Gagasan dan prakarsa mencari bentuk penyelesaian sengketa senatiasa menjadi wacana diskusi di berbagai tingkatan, baik masyarakat, maupun oleh pengambil kebijakan dan para pemerhati lingkungan. Kegiatan-kegiatan yang dikembangkan di TNLW telah diprakarsai oleh Pemda Sumba Timur (Dishut, Bapedalda), BKSDA, UPT, KOPPESDA, YTNS dan masyarakat dari 15 desa sekitar kawasan yang membentuk diri dalam KMPH dan FALP. Lembaga-lembaga tersebut mendapat dukungan dari Cornel Univercity, FF, World Neighbour, EWC (program pemetaan), CIFOR, ICRAF dan MFP-DFID.
Beberapa kesepakatan bersama pengelola kawasan TN LW-Masyarakat Sekitar TNLW-Pemda Sumba Timur dengan Departemen Kehutanan untuk mencari solusi bersama adalah sebagai berikut:
Departemen Kehutanan berupaya untuk segera membentuk Unit Pelaksana Teknis Taman Nasional Laiwanggi Wanggameti.
Sebelum terbentuknya Unit Pelaksana Teknis Taman Nasional, agar segera disusun Rencana Pengelolaan Taman Nasional oleh BKSDA NTT I Kupang bersama Pemerintah Kabupaten Sumba Timur, Pemerintah Kabupaten Sumba Barat, dan masyarakat dengan memanfaatkan data dan informasi bio-fisik, sosial, ekonomi, dan budaya yang ada, sehingga diperoleh gambaran awal tentang zonasi Taman Nasional.
Proses tata batas akan segera dilaksanakan setelah ada kejelasan landasan hukum dan anggaran. Berdasarkan SK Menhut No. 32/Kpts-II/2001, tanggal 15 Maret 2001, tentang Kriteria dan Standar Pengukuhan Kawasan Hutan, Bupati akan membentuk Panitia Tata Batas Kawasan Hutan di wilayahnya.

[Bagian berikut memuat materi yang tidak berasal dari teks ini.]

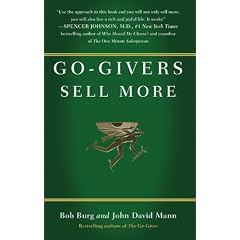 Go-Givers Sell More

Usulan anggaran penataan batas diajukan oleh BKSDA NTT I Kupang kepada Dirjen PHKA dengan tembusan kepada Balai Pemantapan Kawasan Hutan Wilayah VIII Denpasar, Bupati Sumba Timur dan Bupati Sumba Barat. Dirjen PHKA meneruskan kepada Badan Planologi Kehutanan Departemen Kehutanan.
Sebelum usulan anggaran pada point empat terealisasi, maka Departemen Kehutanan bersama-sama dengan Pemerintah Daerah dapat merancang kegiatan-kegiatan awal yang dapat dibiayai oleh Pemerintah Kabupaten Sumba Timur dan Pemerintah Kabupaten Sumba Barat.
Berdasarkan hasil kesepakatan pada poit ke lima tersebut KOPPESDA bersama YTNS melakukan kegiatan prakondisi bersama masyarakat terutama untuk mendapatkan data dan informasi yang memadai untuk pengelolaan konflik Tatabatas di TNLW. Luasan lahan dalam kawasan di TNLW yang "dicaplok" menjadi kawasan hutan sehingga menjadi potensi konflik kurang lebih sekitar 713,21 ha. Yang paling luas di Desa Ramuk dan Katikuwai karena kedua desa tersebut terletak di dalam kawasan (desa enclave).
Sebagaimana hasil kesepakatan para pihak maka sudah dilakukan proses Tatabatas Ulang Taman Nasional Laiwanggi Wanggameti sepanjang 72 km dari 150 km panjang batas temu gelang Taman Nasional Laiwanggi Wanggameti. Hal ini mendapat tanggapan yang positif dari masyarakat, karena proses Tata batas ulang sangat mereka nantikan sejak tahun 1998. Menurut informasi BPKH wilayah VIII Denpasar, proses lanjutan Tatabatas Ulang TNLW sampai temu gelang akan dilakukan pada bulan Juni 2007. * Spirit NTT, 10-16 Desember 2007.